En Sıcak Konular

Engin Ardıç


Engin Ardıç
0 0 0000

Aydın Doğan'ın ana günahı



Aydın Doğan'ın basın ve yayın organlarının satılacağına dair haberler çıkıyor. Adamları bunu sürekli yalanlıyorlar ama onlara kimse inanmıyor.
Aydın Bey, "hepsini satacak değilim, ortak arıyorum" demeye getiriyor. "Vergi cezalarımı ödeyebilmem için acilen para lazım" demiyor tabii.
Medyadan "tümden" mi çekilir, yoksa bir kıyısından tutunup kalmaya mı çalışır, o kadar da önemli değil.
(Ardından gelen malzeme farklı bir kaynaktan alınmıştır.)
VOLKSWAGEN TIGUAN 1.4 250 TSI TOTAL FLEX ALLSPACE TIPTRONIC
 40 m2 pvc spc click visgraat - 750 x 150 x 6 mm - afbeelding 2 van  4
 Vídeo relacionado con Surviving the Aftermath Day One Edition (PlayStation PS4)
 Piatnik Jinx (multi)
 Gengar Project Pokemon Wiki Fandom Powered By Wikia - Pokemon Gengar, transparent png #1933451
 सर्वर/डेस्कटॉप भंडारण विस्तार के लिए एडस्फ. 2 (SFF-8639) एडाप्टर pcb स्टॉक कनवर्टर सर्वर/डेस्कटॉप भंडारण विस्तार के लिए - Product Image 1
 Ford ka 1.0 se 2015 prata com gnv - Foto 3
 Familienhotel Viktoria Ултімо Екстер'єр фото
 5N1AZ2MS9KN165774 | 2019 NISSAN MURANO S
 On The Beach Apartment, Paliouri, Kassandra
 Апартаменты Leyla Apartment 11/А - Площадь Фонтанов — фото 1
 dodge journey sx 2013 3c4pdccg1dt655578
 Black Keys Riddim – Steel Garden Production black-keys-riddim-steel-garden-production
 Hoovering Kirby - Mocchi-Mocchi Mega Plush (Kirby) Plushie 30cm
Öyle ya da böyle, Aydın Doğan bitmiştir.
Belki başka işler de yapar, kızları ve damatları işlerini sürdürürler, ya da herşeyi onlara devredip emekli olur, parası da torununun torununa yeter ama bir "medya patronu" olarak bitmiştir. "Fonksiyonu" kalmamıştır. Şu anda "uzatmaları" oynuyor.
Kızının TÜSİAD yönetiminden "gönderilmesi" (kibarcasını söyledik) bunun böyle olduğunun göstergesiydi. Aydın Doğan, kızı vasıtasıyla dolaylı da olsa, artık büyük burjuvaziyi temsil etmiyor, onun önderliğini sürdüremiyordu.
Geldi ve geçiyor... Bir kuyruklu yıldız gibi diyebilmeyi çok isterdim...
Ama onun gelip geçişi, biraz yatağından taşıp ortalığı dağıtan sel gibi oldu.
Aydın Bey, sekiz yıldır körü körüne çok sert, hatta "vahşi" muhalefet yaptı. Kimi adamları ruhlarının "puşt" eğiliminden, kimi adamları da "solculuk falan ettiklerini" sanarak bu vahşi muhalefete destek verdiler, bayrağını taşıdılar.
Fakat günahı bu değildir. Sonuçta, muhalefet herkesin anayasal hakkıdır.
Aydın Doğan'ın günahı, "ticari çıkarları için sürdürdüğü muhalefete 'laiklik ve Atatürkçülük kavgası' kılıfını uydurmaya çalışmak" olmuştur.
Bunu yutan da çok oldu...
Aydın Bey kuldan korkmadı, bravo. Ama, Allah'tan da korkmadı! Hükümete diş geçiririm sandı, geçiremedi. Deviririm sandı, deviremedi. Devirmeye çalışan başkalarına arka çıkarım sandı, çıkamadı.
Aydın Bey'in adamları Türkiye'yi gerdiler de gerdiler, gerdiler de gerdiler... Ruh sağlığımızla oynadılar.
Onlara sorarsanız Türkiye ölmüştü, bitmişti, mahvolmuştu, battı batıyordu... Oysa gerçekler böyle demiyorlardı.
Kendi uydurdukları yalanlara inananlar ya da bu yalanların etkisi altında kalanlar da, olup bitenlere, hele hele seçim ve referandum sonuçlarına hep şaştılar kaldılar. Şimdi artık medyada muhalefet, az seyredilen bazı televizyon kanallarına, öldür Allah hep az satan bazı gazetelere ya da yeni zuhur eden ve alt tabakaya seslenen "lumpen" yayın organlarına sığınıyor...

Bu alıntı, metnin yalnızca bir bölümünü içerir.